Attention-Driven Scene Analysis

Members: Adam McLeod, Ching Teo, Daniel B. Fasnacht, Francisco Barranco, Janelle Szary, Kailash Patil, Malcolm Slaney, Mounya Elhilali, Michael Pfeiffer, Shih-Chii Liu, Barbara Shinn-Cunningham, Tomas Figliolia, Timmer Horiuchi, Tobi Delbruck, Troy Lau, Yezhou Yang

- Organized by Julien Martel & Mounya Elhilali with Malcolm Slaney


  1. Julien Martel (McGill University) – Not able to come
  2. Mounya Elhilali (Johns Hopkins) – Week 1
  3. Malcolm Slaney (Yahoo! Inc. and Stanford Univ.) – 28Jun/16Jul
  4. 'Fred Hamker' (Chemnitz University of Technology) – 8Jul/15Jul
  5. Jude Mitchel (Salk Institute) – 28Jun/2Jul
  6. 'Ozlem Kalinli' (Sony) – Week 2
  7. Kang Wang (Ohio State) – 6Jul/9Jul
  8. 'Nuno Vasconcelos' (UCSD) – 11Jul/15Jul
  9. Barbara Shinn-Cunningham (Boston University) – Week 2


A central problem for modern information processing systems is that they can gather more information from the environment than they can process in real time. Sensory systems expanded on the surfaces and inner organs but the central processing unit grew much slower, so gathered signals could not be processed all in parallel. Specializations such as the human eye with a central high- resolution fovea and the ability to rotate within the orbit, and the hand with the high density of touch receptors, accompanied by an over-representation of these parts in the central processing unit (the brain) partially solved this problem.

However, such hard-wired specializations are not enough to relieve the overload of the central processing unit (e.g., the brain). Fortunately, nervous systems have adapted to solve this problem quickly, efficiently and thoroughly. Essentially all animals, including insects, have developed mechanisms of selective attention. Attention is a primary cognitive function, and arguably one of the most important aspects of understanding the world around us. Without limiting the amount of information that is to be processed in detail in a smart, and situation-dependent manner, higher-level cognitive processing would be impossible. Auditory attention is used to “hear out” the desired signal, yet attention can shift with sounds that are particularly salient. Visual attention is used to explore our world, helping the animal to direct its attention to portions of the visual field needed to understand the scene. Importantly, all these different inputs from different modalities have to be integrated and taken into account for making a “good” behavioral decision.

The Attention workgroup aims to explore attention-driven scene analysis. Auditory and visual scene analyses are both important applications and areas of research. We want to understand how to select and attend to the most relevant portions of a scene. We believe that this problem is one of the most important aspects of cognition and perception. Potential research directions include saliency (bottom-up), selection (top-down) and the role of synchrony (implementation). We envision three kinds of participants: general expertise on the theory, neurophysiology and psychophysics of attention; auditory scene analysis modelers; and computer-vision researchers interested in attention and selection.

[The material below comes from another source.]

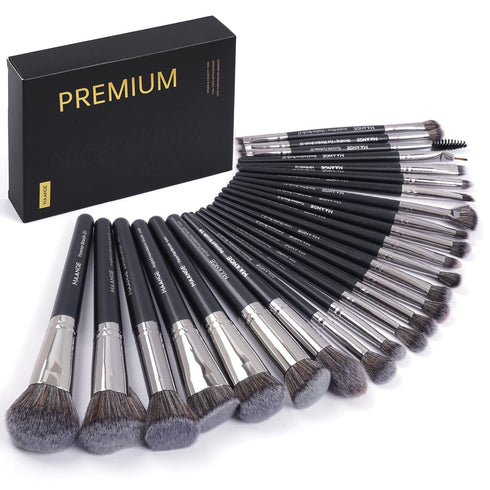 MAANGE Makeup Brushes, 25pcs Premium Synthetic Brush Set with Gift Box for Foundation, Blush, and Eyeshadow (Black)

  • 2011/att11/SaliencyMeasurent - Discussion of benchmarks/tests to drive future auditory saliency work
  • 2011/att11/AuditorySaliency - Discussion of current auditory saliency models, possible review paper
  • Do audio and visual attention work the same way (except for different input)?


Discussed Projects

Original Subtasks (all incorporated into projects above..)

Task 1: Extend divisive normalization model to work on real images

Description: The divisive normalization model (Reynolds and Heeger) does not really operate on a rich feature-based representation. The goal is to extend this model with a front-end based on bottom-up saliency features (itti-Koch-Niebur) and test its performance on real images. Since this is not supposed to be simply a bottom-up saliency task, we cannot rely on simple eye-tracking data to test performance. There has to be a “cognitive” component where a task is defined. I propose to collect/download data with some target. The objective is to translate the target into a set of primitives, then use the model to “enhance” the representation of the target and test for its presence. Note: in this project, saliency front-end is merely a front-end; and may or may not need to be exploited beyond extracting features!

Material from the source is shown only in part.